This points to the biggest contradiction for evidence-based medicine: it's often at odds with personalized medicine. We like to say that the plural of anecdote is not statistics, but we squirm a bit when asked to contemplate that the opposite is also true.
Yet our best tools for understanding how the body works require n>>1 for us to learn anything meaningful. You can't do statistics on a single event, be it an actual literal miracle or just an unexpected one-off effective treatment. How often do we directly observe the limits of our epistemic system, and then complain that reality isn't adjusting to the tools we prefer to use for measuring it?
Yes, I think it's an excellent article, especially the observation about constraints. If we can correctly identify which elements are constraining a system we have a path to return to exponential growth.
Still, we'll see articles lamenting that "despite how we've overcome Constraint X, growth hasn't returned." The world is multi-causal/multi-factoral, though. More than one factor can constrain growth. It is often an engineering problem, and focusing on the system as driven by rationally understandable forces is important. Otherwise the default seems to be to view trends as 'magical growth' and make illogical predictions based on that thinking.
In the case of growth in the computer hardware industry, where you have a veritable army of engineers focused on the problem, is it any wonder we continuously overcome constraints?
If you want to slow growth, pick any limiting factor and apply pressure. One will do.
Sometimes a trend continues growing exponentially for a long time before bumping up against a limiting factor. The thing to remember about an S-curve is that if you plot it on a log scale the first half of the curve looks like a straight line all the way backward. That's because it's exponential growth at the beginning, so every new observation dwarfs all those that came before. Sometimes we spend a lot of time in exponential growth phase and people write articles about how it'll go on forever, and The Singularity, and whatnot. When you don't know the limiting factor, it's very tempting to fit your model to exponential growth, only to get burned later on.

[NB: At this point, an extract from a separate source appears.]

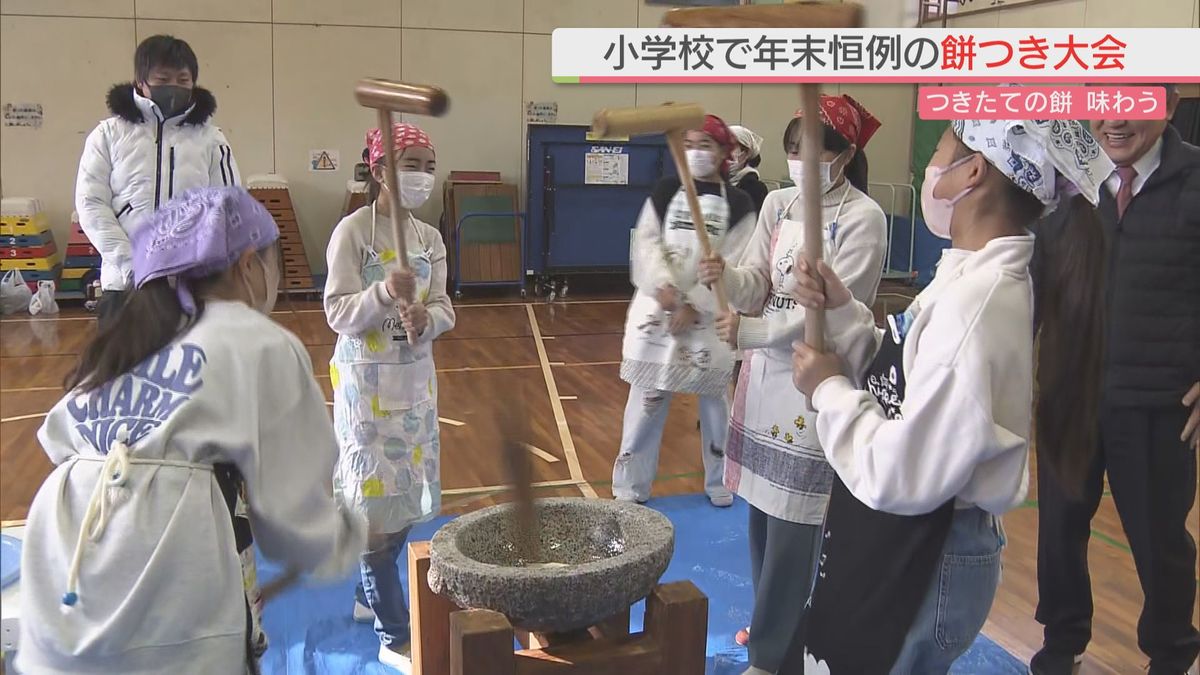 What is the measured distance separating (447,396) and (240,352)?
10.9ft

I think you'll always be working in S-curves if you're in a finite system. The trick is to be able to detect the rate-limiting factor. That's the factor that marks the inflection point between exponential growth and the beginning of the slowdown. For classic examples like bacterial growth that might be nutrients, space, elimination of waste, etc.

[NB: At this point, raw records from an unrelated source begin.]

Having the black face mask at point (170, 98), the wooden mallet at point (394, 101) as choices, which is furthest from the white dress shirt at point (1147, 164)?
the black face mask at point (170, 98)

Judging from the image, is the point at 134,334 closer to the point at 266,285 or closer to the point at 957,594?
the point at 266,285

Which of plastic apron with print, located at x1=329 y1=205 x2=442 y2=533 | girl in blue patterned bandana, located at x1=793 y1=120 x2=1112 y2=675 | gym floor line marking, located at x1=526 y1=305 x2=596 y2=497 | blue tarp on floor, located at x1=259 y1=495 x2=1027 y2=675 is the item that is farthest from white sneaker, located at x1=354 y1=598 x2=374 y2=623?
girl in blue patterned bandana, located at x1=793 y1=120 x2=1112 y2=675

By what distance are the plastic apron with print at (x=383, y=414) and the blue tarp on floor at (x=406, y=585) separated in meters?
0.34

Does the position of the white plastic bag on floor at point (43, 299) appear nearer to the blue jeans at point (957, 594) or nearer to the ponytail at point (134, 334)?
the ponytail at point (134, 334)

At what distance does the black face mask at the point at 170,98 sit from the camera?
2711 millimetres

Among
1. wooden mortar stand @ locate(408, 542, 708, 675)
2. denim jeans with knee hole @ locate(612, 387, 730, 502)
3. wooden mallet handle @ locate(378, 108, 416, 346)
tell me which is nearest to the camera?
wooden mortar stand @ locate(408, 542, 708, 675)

The hard part is determining whether you've considered all the rate-limiting factors involved. Going back to bacterial growth, if you think food is the rate-limiting factor and you predict your culture will continue to grow for six hours, you might be surprised when you hit an inflection point after three hours because waste products start killing bacteria off. This same principle can be applied in technology and elsewhere, where people often aren't even looking for rate-limiting factors and appear to assume exponential growth in a finite system.